Commitments to this goal are also being made at the state level. S.6191/A.5390-A (Kaminsky/Fahy) would set a goal of preserving 30% of New York State’s land by 2030. The bill would direct DEC to make these plans while placing an emphasis on food security and sustainability, protection and restoration of biodiversity, climate resiliency, expanded access to nature for all communities, and economic benefits. This would be aimed at preserving undeveloped land as open spaces, and would look for these opportunities in coastal areas in order to help buffer the effects of storm surges while also protecting wildlife.

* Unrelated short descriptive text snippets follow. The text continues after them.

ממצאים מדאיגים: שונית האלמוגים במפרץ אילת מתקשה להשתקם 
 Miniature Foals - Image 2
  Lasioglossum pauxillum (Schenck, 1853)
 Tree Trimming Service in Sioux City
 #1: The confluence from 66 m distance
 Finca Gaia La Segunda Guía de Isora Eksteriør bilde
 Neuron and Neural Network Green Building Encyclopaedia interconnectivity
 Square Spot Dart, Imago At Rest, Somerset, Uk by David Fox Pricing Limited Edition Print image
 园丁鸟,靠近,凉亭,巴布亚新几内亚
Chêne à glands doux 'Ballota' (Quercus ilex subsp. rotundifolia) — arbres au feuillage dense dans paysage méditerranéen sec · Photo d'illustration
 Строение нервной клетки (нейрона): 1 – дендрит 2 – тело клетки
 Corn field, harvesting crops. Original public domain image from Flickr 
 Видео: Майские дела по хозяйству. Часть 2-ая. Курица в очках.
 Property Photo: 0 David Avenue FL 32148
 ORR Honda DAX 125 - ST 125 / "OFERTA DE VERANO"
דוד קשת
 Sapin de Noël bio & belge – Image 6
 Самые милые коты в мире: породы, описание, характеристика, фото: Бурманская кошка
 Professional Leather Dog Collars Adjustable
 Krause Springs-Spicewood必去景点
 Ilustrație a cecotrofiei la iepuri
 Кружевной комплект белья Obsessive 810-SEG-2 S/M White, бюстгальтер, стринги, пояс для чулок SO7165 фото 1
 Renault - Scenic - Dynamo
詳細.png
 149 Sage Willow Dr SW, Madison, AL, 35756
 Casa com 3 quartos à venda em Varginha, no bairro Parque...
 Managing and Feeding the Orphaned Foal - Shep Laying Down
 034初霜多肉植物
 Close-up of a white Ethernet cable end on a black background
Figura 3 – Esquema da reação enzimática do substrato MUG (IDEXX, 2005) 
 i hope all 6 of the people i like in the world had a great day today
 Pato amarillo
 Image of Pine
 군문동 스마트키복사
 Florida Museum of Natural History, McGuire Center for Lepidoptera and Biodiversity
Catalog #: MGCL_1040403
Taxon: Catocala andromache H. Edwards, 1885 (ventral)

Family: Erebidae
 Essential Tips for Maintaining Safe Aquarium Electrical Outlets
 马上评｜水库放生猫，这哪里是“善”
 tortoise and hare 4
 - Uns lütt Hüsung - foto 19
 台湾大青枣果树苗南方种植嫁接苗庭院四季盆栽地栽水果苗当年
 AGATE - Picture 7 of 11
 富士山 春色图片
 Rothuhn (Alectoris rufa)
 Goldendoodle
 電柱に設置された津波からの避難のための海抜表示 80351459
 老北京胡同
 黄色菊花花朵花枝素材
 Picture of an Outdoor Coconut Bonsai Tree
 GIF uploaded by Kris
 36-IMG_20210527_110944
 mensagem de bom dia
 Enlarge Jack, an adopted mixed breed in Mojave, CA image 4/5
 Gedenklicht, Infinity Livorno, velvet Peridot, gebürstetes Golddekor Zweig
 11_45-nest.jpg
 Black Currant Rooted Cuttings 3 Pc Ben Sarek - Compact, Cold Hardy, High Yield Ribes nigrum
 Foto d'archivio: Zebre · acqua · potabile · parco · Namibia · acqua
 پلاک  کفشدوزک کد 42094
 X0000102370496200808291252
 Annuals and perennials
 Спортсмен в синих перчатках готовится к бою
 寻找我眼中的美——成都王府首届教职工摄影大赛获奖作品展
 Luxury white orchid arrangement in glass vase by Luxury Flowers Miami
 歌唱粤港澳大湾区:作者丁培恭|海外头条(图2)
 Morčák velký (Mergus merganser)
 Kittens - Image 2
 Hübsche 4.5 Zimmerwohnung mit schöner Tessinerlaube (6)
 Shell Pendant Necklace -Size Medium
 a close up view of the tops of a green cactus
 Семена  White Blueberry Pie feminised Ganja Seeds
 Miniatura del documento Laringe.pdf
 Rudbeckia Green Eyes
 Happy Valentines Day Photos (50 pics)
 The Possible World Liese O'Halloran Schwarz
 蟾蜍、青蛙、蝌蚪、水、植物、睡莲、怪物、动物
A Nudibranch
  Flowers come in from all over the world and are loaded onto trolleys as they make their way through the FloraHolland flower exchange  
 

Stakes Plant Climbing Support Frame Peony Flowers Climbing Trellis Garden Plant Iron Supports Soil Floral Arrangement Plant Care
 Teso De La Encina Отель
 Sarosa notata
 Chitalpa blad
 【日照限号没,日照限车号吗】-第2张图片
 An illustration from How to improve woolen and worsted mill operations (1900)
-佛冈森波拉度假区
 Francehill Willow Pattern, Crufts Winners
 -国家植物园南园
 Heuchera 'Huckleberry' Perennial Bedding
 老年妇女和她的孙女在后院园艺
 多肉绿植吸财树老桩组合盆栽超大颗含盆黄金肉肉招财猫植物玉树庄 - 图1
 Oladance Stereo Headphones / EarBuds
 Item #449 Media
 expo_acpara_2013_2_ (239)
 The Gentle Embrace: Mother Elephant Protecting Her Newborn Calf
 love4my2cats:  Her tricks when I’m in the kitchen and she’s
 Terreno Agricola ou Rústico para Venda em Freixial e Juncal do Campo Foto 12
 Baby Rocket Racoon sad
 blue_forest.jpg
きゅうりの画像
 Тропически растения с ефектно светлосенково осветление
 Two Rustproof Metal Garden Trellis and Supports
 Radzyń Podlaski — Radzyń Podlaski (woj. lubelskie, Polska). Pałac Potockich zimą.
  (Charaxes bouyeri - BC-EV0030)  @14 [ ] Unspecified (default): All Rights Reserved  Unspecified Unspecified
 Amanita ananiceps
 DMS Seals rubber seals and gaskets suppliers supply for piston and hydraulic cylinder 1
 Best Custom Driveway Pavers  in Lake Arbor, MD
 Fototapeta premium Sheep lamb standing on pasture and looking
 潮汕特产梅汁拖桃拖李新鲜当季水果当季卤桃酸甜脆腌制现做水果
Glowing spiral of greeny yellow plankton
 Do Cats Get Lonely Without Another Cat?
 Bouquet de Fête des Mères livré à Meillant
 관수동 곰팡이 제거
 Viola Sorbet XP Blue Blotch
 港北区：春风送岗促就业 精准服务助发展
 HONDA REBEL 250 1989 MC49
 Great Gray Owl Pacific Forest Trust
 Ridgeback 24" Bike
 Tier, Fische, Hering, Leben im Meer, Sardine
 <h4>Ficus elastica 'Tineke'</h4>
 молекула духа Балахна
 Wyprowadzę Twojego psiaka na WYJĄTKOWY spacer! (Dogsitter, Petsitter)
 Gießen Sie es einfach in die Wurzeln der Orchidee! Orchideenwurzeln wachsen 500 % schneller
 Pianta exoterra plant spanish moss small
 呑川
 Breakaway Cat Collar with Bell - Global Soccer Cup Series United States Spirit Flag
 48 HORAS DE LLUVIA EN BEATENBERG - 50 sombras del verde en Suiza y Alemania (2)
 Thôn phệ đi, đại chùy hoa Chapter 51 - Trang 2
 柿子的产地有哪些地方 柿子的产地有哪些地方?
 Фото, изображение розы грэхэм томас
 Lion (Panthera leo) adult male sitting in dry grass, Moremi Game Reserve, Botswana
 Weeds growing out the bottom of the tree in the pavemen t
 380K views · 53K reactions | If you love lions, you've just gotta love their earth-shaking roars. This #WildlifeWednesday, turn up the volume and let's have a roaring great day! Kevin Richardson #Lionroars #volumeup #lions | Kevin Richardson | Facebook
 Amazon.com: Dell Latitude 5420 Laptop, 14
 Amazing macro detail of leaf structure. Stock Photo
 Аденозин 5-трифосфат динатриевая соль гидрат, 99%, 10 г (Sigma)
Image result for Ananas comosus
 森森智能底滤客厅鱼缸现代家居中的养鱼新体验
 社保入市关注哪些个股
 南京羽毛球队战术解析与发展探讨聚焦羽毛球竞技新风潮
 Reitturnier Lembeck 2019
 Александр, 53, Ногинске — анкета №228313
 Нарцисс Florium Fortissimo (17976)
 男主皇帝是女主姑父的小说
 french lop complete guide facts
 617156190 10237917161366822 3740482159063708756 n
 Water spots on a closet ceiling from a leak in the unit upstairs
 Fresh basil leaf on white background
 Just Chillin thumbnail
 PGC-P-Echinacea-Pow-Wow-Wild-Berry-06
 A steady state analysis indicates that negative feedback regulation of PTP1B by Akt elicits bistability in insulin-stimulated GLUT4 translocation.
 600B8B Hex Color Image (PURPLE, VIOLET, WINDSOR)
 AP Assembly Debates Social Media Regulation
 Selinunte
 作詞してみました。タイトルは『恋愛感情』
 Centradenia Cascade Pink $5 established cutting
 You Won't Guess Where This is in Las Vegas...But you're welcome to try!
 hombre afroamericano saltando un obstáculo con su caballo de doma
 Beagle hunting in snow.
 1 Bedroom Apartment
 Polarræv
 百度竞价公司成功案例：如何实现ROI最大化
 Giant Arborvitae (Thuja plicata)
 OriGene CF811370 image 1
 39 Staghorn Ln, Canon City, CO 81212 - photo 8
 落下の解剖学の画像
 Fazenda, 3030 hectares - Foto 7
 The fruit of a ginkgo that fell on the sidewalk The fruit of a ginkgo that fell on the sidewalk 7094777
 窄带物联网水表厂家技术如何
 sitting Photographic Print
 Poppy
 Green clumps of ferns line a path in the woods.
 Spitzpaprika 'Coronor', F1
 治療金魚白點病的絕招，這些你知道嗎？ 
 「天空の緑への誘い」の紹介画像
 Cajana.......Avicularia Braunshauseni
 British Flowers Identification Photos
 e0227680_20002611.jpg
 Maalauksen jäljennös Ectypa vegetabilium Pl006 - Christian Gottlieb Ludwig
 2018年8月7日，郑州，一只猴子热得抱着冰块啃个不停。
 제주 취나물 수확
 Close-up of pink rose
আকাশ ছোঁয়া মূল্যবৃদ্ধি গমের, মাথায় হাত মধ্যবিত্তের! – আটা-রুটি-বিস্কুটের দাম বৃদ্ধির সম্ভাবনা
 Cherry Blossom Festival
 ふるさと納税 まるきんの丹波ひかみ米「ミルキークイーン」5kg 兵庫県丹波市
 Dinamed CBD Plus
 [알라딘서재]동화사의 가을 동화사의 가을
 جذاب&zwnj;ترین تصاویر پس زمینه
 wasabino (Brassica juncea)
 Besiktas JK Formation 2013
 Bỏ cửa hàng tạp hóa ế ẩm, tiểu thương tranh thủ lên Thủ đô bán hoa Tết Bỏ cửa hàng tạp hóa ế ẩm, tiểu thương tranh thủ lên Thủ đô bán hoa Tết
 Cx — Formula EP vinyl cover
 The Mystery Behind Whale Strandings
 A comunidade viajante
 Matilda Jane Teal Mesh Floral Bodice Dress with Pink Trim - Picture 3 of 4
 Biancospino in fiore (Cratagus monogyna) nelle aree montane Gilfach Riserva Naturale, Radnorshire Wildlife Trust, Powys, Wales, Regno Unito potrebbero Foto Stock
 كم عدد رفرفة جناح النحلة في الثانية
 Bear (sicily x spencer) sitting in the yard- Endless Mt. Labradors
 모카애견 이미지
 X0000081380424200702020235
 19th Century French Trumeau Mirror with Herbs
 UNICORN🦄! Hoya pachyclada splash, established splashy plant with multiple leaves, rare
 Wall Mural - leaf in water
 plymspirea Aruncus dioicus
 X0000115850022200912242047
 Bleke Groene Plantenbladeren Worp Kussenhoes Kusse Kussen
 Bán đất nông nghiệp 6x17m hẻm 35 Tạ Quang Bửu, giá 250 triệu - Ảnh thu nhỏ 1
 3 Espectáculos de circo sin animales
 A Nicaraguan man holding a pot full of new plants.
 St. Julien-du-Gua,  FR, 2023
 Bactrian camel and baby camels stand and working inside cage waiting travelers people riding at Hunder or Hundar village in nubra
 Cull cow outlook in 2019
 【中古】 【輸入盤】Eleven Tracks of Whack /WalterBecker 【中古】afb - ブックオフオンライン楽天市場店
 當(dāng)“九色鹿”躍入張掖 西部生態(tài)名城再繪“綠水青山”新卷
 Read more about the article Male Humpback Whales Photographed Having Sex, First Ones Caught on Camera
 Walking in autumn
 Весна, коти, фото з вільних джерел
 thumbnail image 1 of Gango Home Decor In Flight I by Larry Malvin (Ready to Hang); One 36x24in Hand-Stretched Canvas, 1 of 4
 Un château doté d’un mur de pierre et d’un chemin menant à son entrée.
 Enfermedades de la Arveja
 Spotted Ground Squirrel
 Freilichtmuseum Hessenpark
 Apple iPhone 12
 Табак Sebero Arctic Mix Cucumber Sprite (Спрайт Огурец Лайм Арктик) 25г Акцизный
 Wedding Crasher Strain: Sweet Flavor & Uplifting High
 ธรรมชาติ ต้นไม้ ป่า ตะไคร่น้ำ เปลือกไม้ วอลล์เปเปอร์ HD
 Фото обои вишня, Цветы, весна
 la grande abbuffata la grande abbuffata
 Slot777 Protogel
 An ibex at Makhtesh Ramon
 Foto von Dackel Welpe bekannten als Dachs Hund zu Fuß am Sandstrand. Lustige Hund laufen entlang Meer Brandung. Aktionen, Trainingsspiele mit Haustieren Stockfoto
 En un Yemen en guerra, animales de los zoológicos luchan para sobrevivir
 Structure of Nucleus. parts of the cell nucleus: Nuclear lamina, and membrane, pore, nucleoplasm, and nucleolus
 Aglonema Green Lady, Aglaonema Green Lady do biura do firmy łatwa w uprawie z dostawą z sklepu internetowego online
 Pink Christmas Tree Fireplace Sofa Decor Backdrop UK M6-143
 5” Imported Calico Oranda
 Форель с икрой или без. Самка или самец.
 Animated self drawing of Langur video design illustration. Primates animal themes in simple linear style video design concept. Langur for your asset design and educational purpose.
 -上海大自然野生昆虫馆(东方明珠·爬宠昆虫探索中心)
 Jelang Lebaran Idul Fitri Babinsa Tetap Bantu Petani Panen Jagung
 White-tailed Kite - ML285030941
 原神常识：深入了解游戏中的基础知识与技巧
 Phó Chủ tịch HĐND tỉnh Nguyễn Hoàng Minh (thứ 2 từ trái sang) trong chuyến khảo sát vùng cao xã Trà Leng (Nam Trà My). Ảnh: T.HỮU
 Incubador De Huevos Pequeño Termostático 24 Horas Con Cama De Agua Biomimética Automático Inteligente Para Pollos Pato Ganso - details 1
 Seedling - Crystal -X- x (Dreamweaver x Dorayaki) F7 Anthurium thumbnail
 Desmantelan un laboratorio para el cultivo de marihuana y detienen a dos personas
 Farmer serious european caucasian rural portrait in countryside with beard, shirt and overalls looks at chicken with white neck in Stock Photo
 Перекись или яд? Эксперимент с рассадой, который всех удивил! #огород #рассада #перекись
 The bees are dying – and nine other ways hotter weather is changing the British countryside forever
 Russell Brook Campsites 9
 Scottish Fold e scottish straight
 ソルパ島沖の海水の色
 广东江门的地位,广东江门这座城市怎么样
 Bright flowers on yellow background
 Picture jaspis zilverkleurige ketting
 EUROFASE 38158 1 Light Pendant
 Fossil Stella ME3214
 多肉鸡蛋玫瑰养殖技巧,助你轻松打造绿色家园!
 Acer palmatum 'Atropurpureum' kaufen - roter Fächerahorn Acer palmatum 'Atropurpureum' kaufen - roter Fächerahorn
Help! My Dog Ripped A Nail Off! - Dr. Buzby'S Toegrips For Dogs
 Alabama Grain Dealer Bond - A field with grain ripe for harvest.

Preserving public lands is crucial in the fight against climate change. There are many ecosystem services that these lands can provide such as protecting watersheds that provide clean water for communities, helping to sequester carbon and cycle nutrients, provide habitat, and provide recreational opportunities. Protecting these lands in order to preserve habitat for wildlife is only going to become more important as the biodiversity crisis continues. There are an estimated one million species at risk of going extinct due to climate change, and working towards preserving 30% of land by 2030 will help provide refuge for these species. This push for the “30 by 30” target is backed by scientists and nonprofits that agree this is a necessary step in preserving biodiversity and combating the climate crisis.
The New York League of Conservation Voters continues to advocate for land conservation, wildlife protection, and equitable access to nature. These efforts to increase the amount of land protected nationwide and at the state level are necessary to move forward into a more sustainable future, which is why we support legislation to conserve 30% of land by 2030.